Adding Insult to Injury

Mugabe's thugs have beaten and arrested an opposition leader:

Zimbabwe's most prominent opposition leader, his face swollen and a large gash on his head, appeared in court Tuesday along with about 50 other activists, two days after they were arrested for trying to attend a prayer meeting.


The country was once prosperous and Robert Mugabe has overseen the impoverishment of one of Africa's few bright spots:

Opponents of President Robert Mugabe blame him for acute food shortages, inflation of some 1,600 percent — the highest in the world — and repression and corruption. They have demanded the ouster of 83-year-old Mugabe, Zimbabwe's only ruler since independence from Britain in 1980.

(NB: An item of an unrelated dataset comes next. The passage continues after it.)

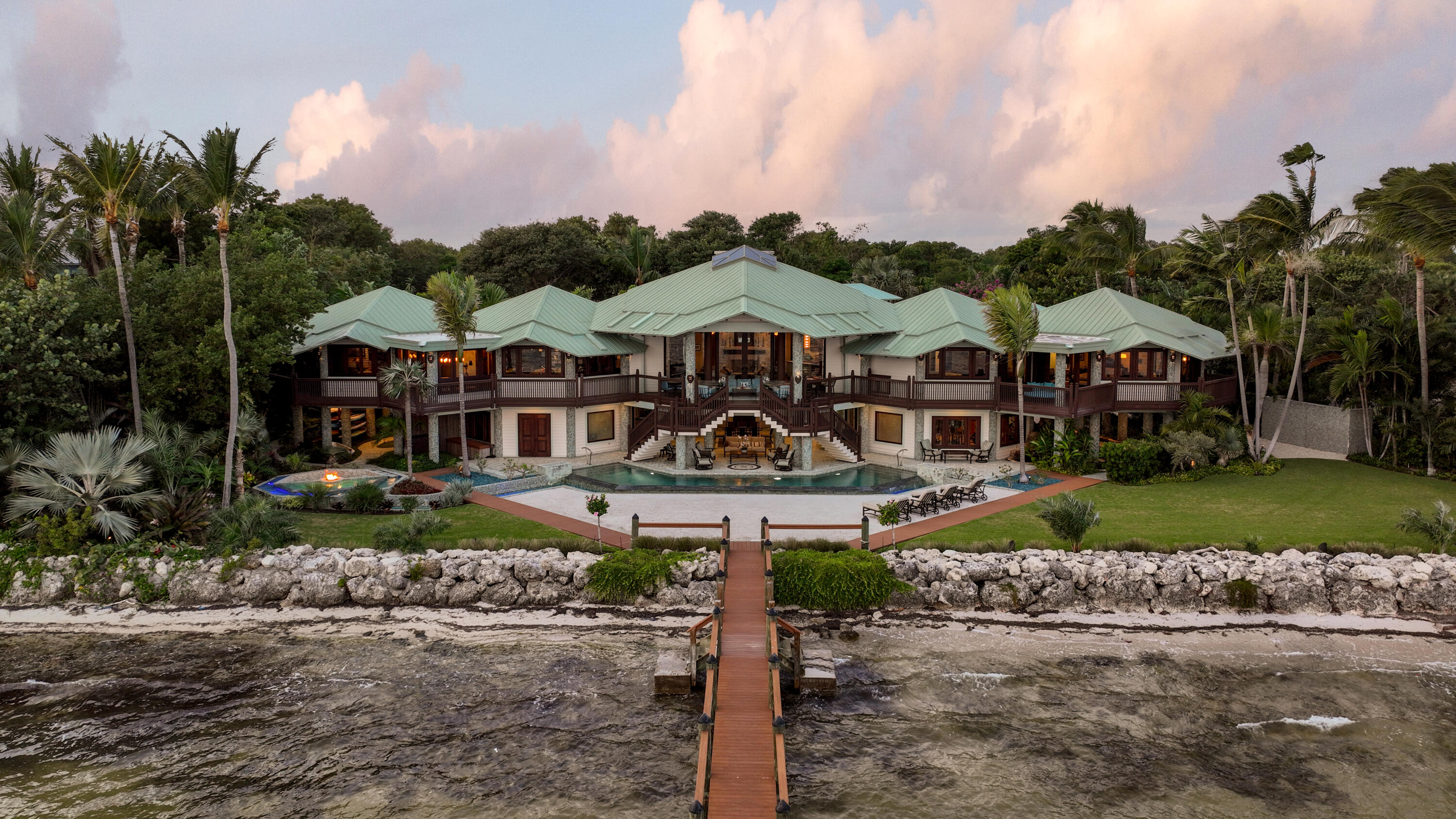 89301 Old State Road Tavernier, FL 33070 - Photo 43 of 99 a front view of a house with garden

I can only shudder at how bad that country will get. And wonder if South Africa is prepared to intervene in order to restore order when Zimbabwe falls apart.

UPDATE: Strategypage notes the looming potential disaster:

The end game here is similar to what happened to dictator Joseph Mobutu in Zaire (now Congo) ten years ago, when long simmering opposition finally toppled the tyrant. Then again, the fall of Mobutu led to a decade of tribal violence that killed over five percent of the population.

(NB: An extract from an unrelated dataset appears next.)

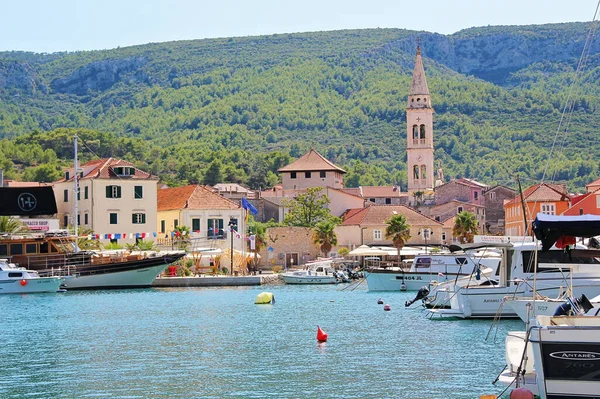 Jelsa, Hırvatistan - 23 Ağustos 2025: Jelsa Eski Kasabası Güzel Yaz Manzarası, Hvar Adası, Hırvatistan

This may provide an interesting experiment of the whole justice versus peace argument. In Iraq, the question is obscured by hatred of President Bush. Justice demanded we rid Iraq of Saddam and defeat the bloodthirsty killers who bomb civilians and Coalition soldiers today. Even though Saddam's toll on human life was greater, today's very obvious violence would not exist if Saddam was still oppressing the majority quietly.

So what will the vaunted international community do about Zimbabwe? Is the chaos that could result from getting rid of Mugabe a price worth paying? Or is Mugabe and his disastrous rule a price worth paying to prevent Zaire-scale chaos.

And if you don't like that choice, would it have been better to have gone back in time 20 years and removed Mugabe before he wrecked his country? If so, how do you recognize when a ruler will create that choice in 10-20 years time?

But preemption is bad. And if we had toppled Mugabe in 1990, nobody would ever know what we stopped.

UPDATE: We don't like the choice I laid out and are trying to have it both ways:

The U.S. is working closely with the European Union to "change the behavior'' of President Robert Mugabe's regime and will try to ensure that any further sanctions don't hurt the Zimbabwean people, the State Department said.

"We want to try to do what's effective'' without worsening the humanitarian crisis in the African nation, department spokesman Sean McCormack told reporters in Washington yesterday.


Ah, regime behavior change. The world will fogive all if Mugabe stops acting like Mugabe and Zimbabwe improves. So much for justice. As the saying goes, nice work if you can get it.

The world will have to make the big choice.